09 April 2010

Gingrich: And yet...

Leave it to his fellow Republican conservatives to make even such a person as Newt Gingrich look like a halfway-reasonable politician. During his time at the Southern conservative conclave, the former Speaker made the entirely sensible suggestion that it might not be a good idea for the Republicans to be identified as the "Party of No." Echoing other Republican sympathizers, he urged his party and the larger movement to offer positive alternatives to the Democratic programs they would repeal. Understanding that the public will most likely not accept the status quo as the only alternative to the Obama agenda, Gingrich told his audience that the Republicans need to become a "Party of Yes."

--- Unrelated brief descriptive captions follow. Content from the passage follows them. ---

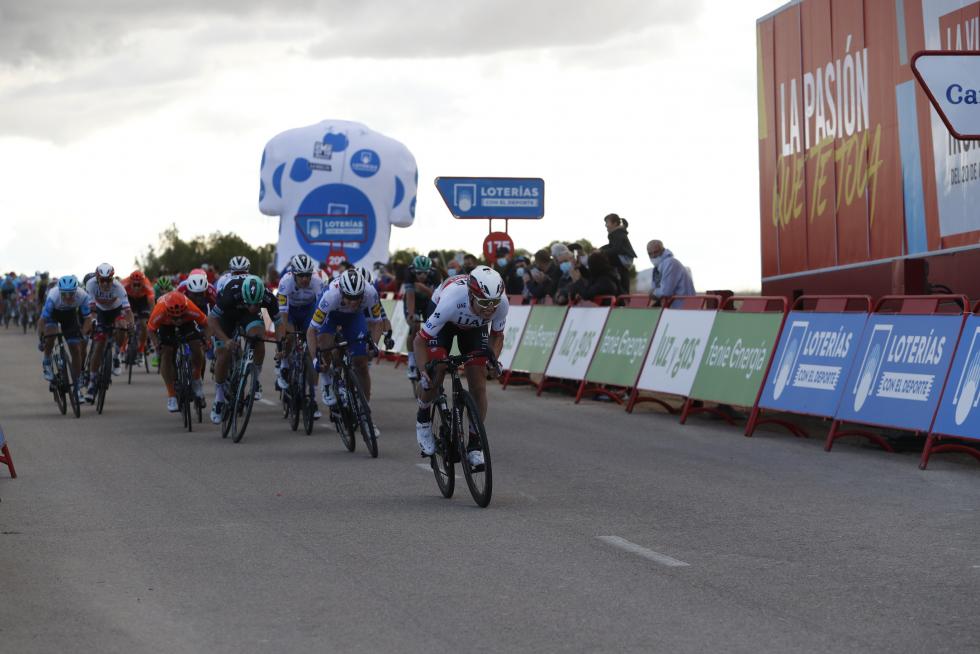 Ambiente en Ejea de los Caballeros, escenario del final de la cuarta etapa de la Vuelta a España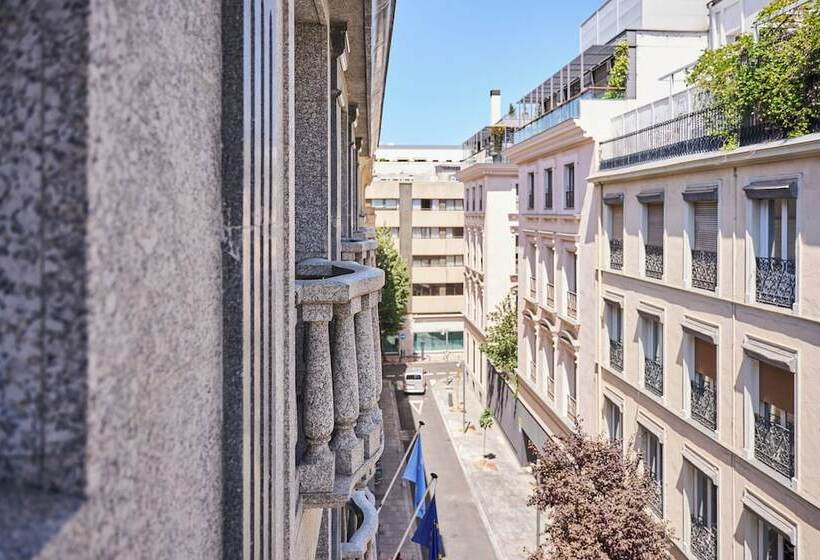 اتاق استاندارد سه نفره, Vp Jardin De Recoletos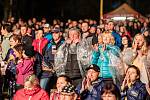 Koncert kapely Chinaski v Trutnově na Bojišti.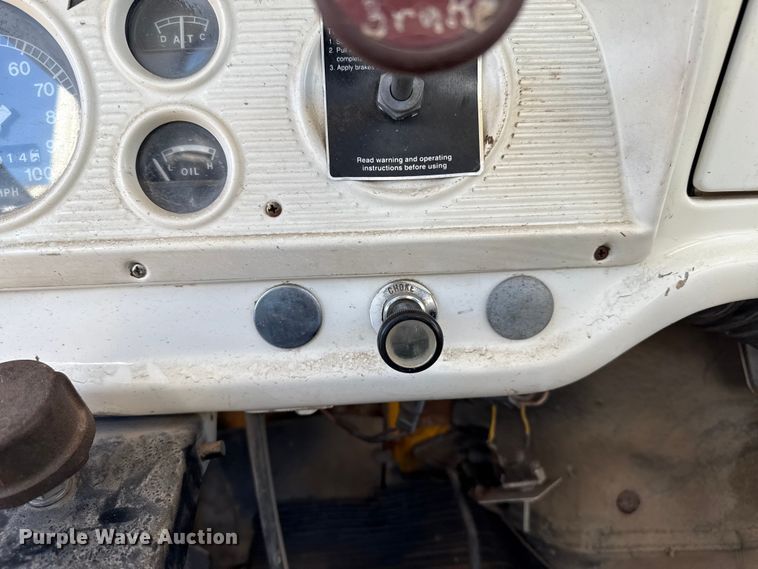 image for item EP0811 1971 Ford F600 digger derrick truck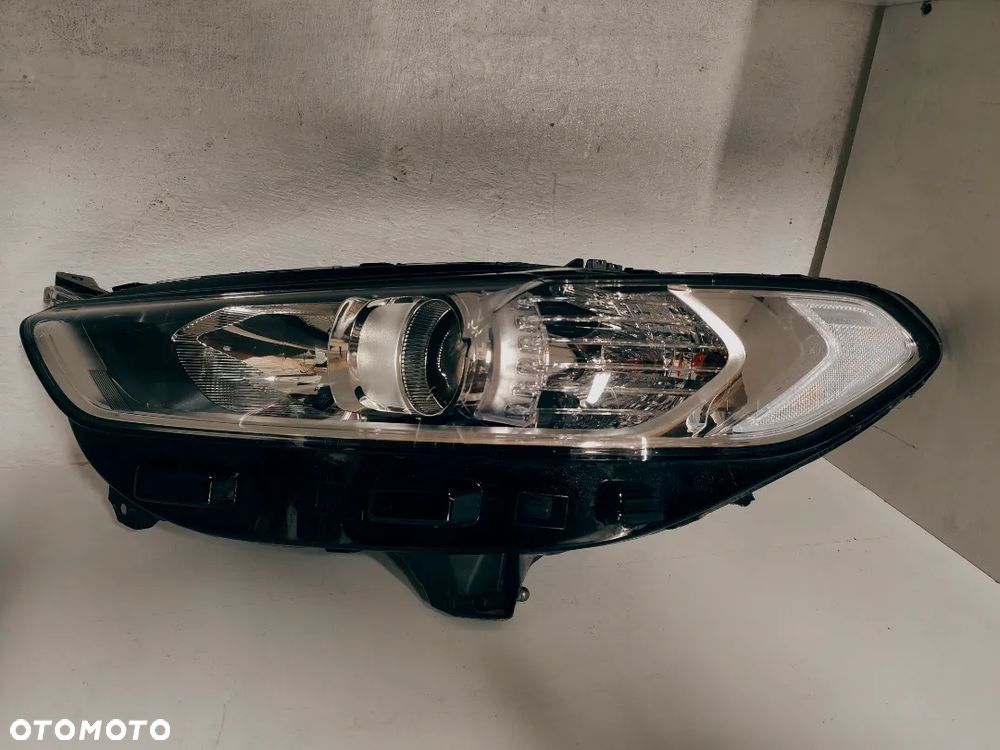 Lampa Lewa Ford Mondeo MK5 - 2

Did Governor Jindal of Louisiana and ex-Governor Palin of Alaska not comprehend what Gingrich was saying? Each one basically told him to drop dead today. They like the sound of "Party of No," and Jindal, for one, likes it better as the "Party of Hell, No!" Both affirmed that it was perfectly fine to be the PN when faced with unconstitutional or merely unsound proposals from the majority. You would think from the way they reacted that Gingrich had told them to say Yes to the Democrats, when he had said nothing of the sort. Gingrich was making the strategic point that it might hurt his party to be seen opposing everything while offering no constructive suggestions of their own. He's conscious enough of the world outside the movement bubble to recognize that the PN label might be a pejorative for many people. He gave no Republican cause to believe that a PY would stand for acquiescence in "secular socialism" or anything like it. Yet Palin and Jindal responded with exactly the sort of obtuse bullheadedness that Gingrich warned against. I stand by all I said against him in the article below, but news like this makes the man look like a mental titan compared to his competition. They're staking their party's future on the U.S. being a Nation of No, and they may be right about that -- at least when the subject is their own presidential ambitions.